___ DATASET EXCERPT ___

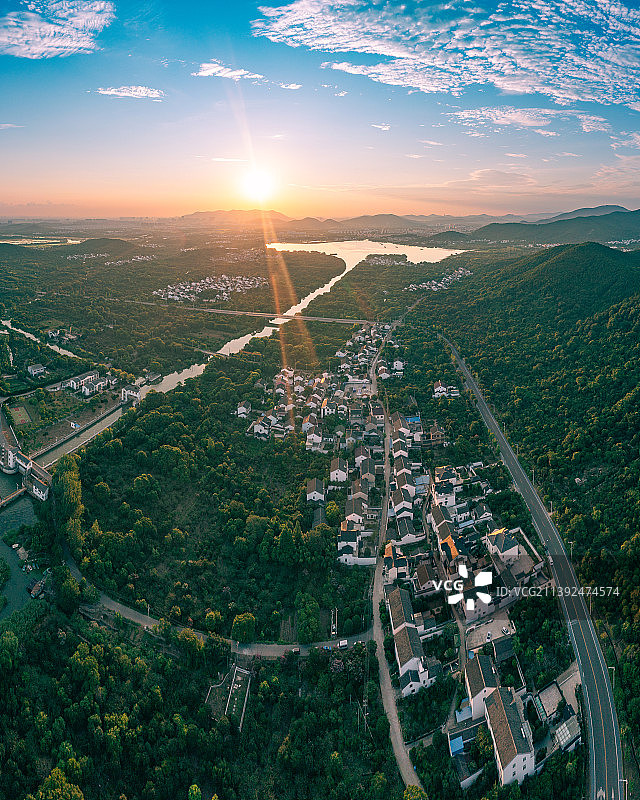 苏州市吴中区光福古镇太湖渔村夏季清晨朝阳风光图片素材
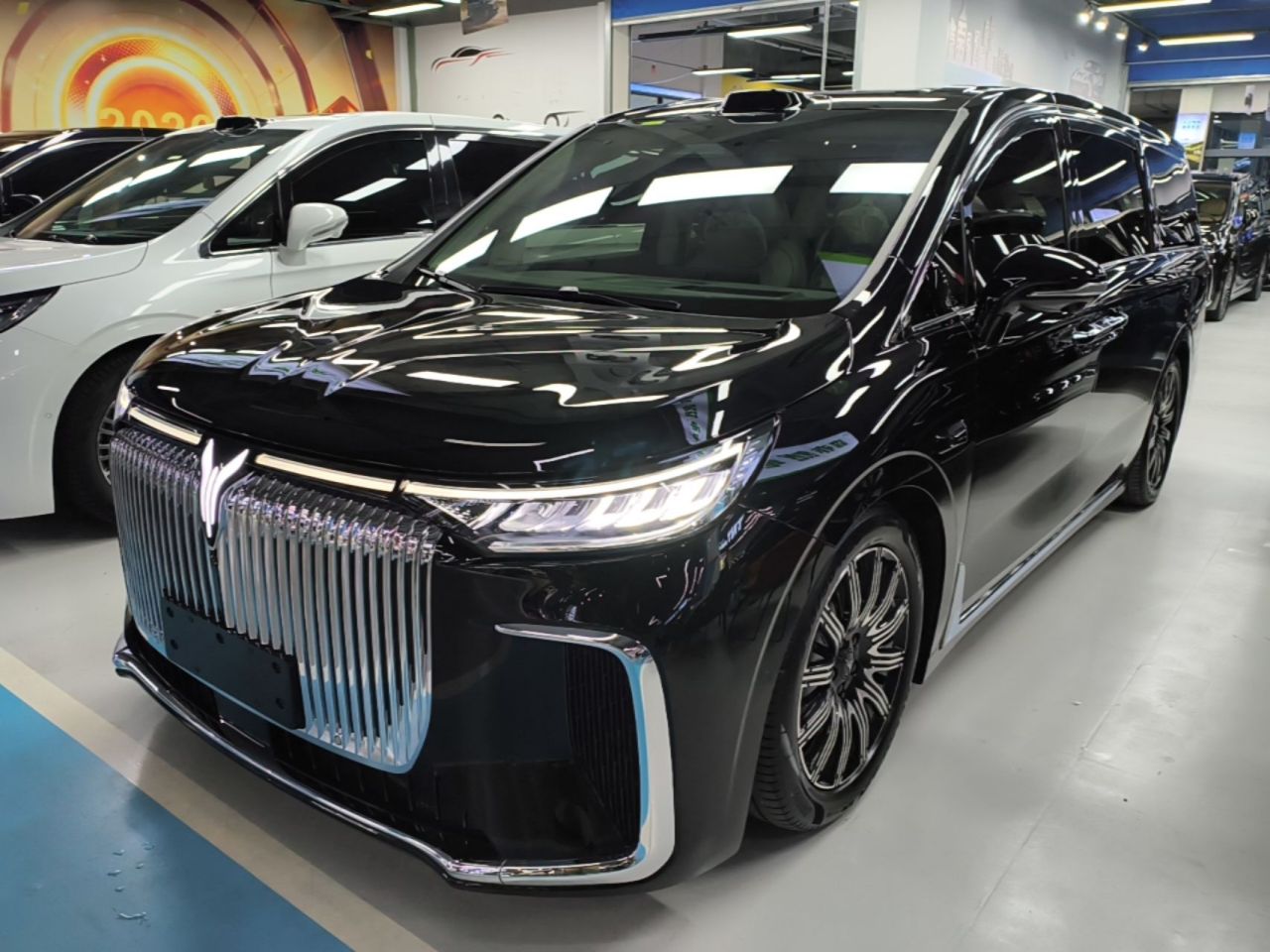 Voyah Dreamer 2025 EV AWD Flagship Qiankun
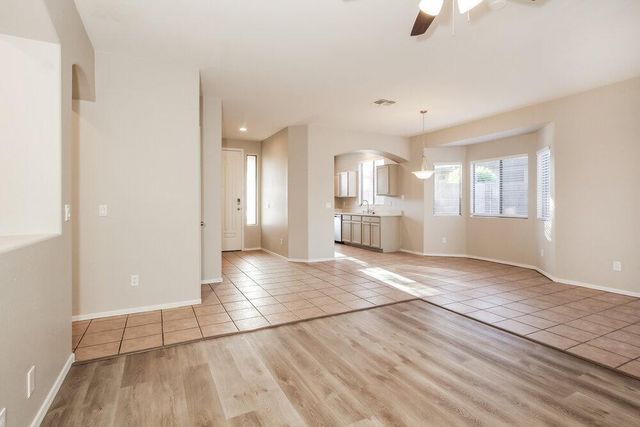 8713 N 58th Lane, Glendale, AZ 85302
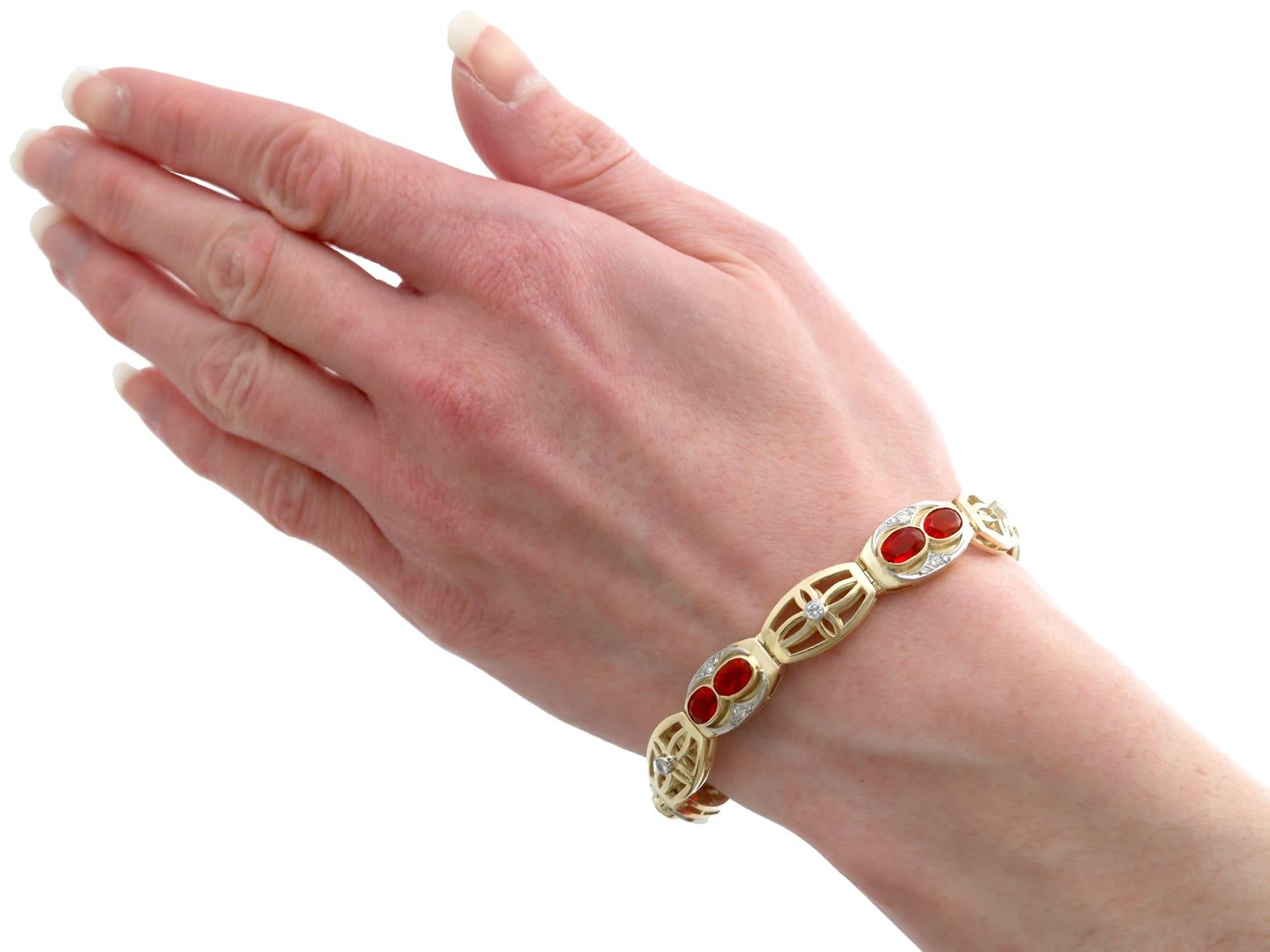 23.39 Carat Fire Opal 2.50 Carat Diamond 18k Yellow Gold Jewellery Set For Sale 15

___

### WHAT THIS TASK INVOLVES:
Would you copy out every line of the data above exactly, minus the pictures?

### COMPLETED EXERCISE:
 苏州市吴中区光福古镇太湖渔村夏季清晨朝阳风光图片素材
 Voyah Dreamer 2025 EV AWD Flagship Qiankun
 8713 N 58th Lane, Glendale, AZ 85302
 23.39 Carat Fire Opal 2.50 Carat Diamond 18k Yellow Gold Jewellery Set For Sale 15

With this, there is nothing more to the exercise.